Enough of the mad scribblers, the writers are the ones that really get me going.

Having Grant Morrison do a guest spot on your book is like inviting a prison inmate to take your wife out for dinner. They'll like it better his way, and you won't recognize anything ever again. No matter how much they tell you that they love you. Don't believe me? Read everything before and after New X-Men

Gail Simone has never put her pen to something that I didn't love wholeheartedly. She always offers a fresh eye to characters, and remains one of the few reasons that I would ever read a DC book. No one writes strong women like her. No one.

Have you seen Garth Ennis' Punisher? He's mean, gritty, and kills everything with a vengeful machine's precision. He's perfect. He does exactly as he promises; he punishes. Just like Preacher, just like the Boys, brutal, efficient, gory glory, and a steal at twice the cover price. Garth is exactly what mainstream comics needs: a dark look inward, a middle finger outstretched and metered restraint. You can tell that he pulls his punches, even when Frank Castle shoots, eviscerates and impales (that was just one guy) without a care in the world. Oh, and he offered the first real glimpse into the mind of someone who kills to make himself feel something.

Joss Whedon. Goddamn. If he never makes another show for Fox, I'll be forever impressed, but his work on Astonishing X-Men was one of the best and most defining runs on any X-book that I have ever had the pleasure and honor to read. Every page was a shocker, and every line was a zing of epic and superhuman proportions.

Saving the best for last-
Warren Ellis. I would turn this man's cerebral spinal fluid into taffy and munch for years. He is in all of my top ten lists, even top 10 porn stars. Seriously. I cannot think of anyone with a more thorough grasp of science and counter culture in comics.
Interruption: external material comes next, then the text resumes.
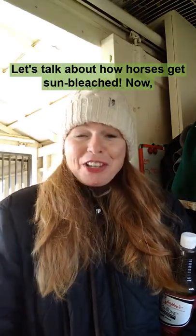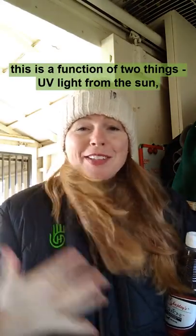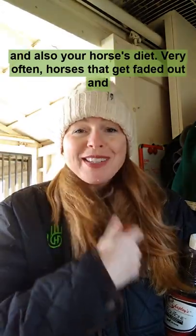Let's talk about how horses get sun bleached. This is a function of two things: UV light from the sun, and also your horse's diet.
I can't think of anyone that forces me to at least open Wikipedia whenever I read their comics. He is the quintessential writer, in my opinion, and I study at the feet of the master. I mean, have you read Transmetropolitan? He managed to make journalists sexy without them having to wear blue pajamas. Even when it's obvious that he's practically phoning it in (RED, Mek), he positively crushes everything else in the mainstream. His first novel, Crooked Little Vein was such a trippy, creepy cross-country jaunt that I bought six more copies and gave them all to my friends in the hope to spread his particular strain of insanity.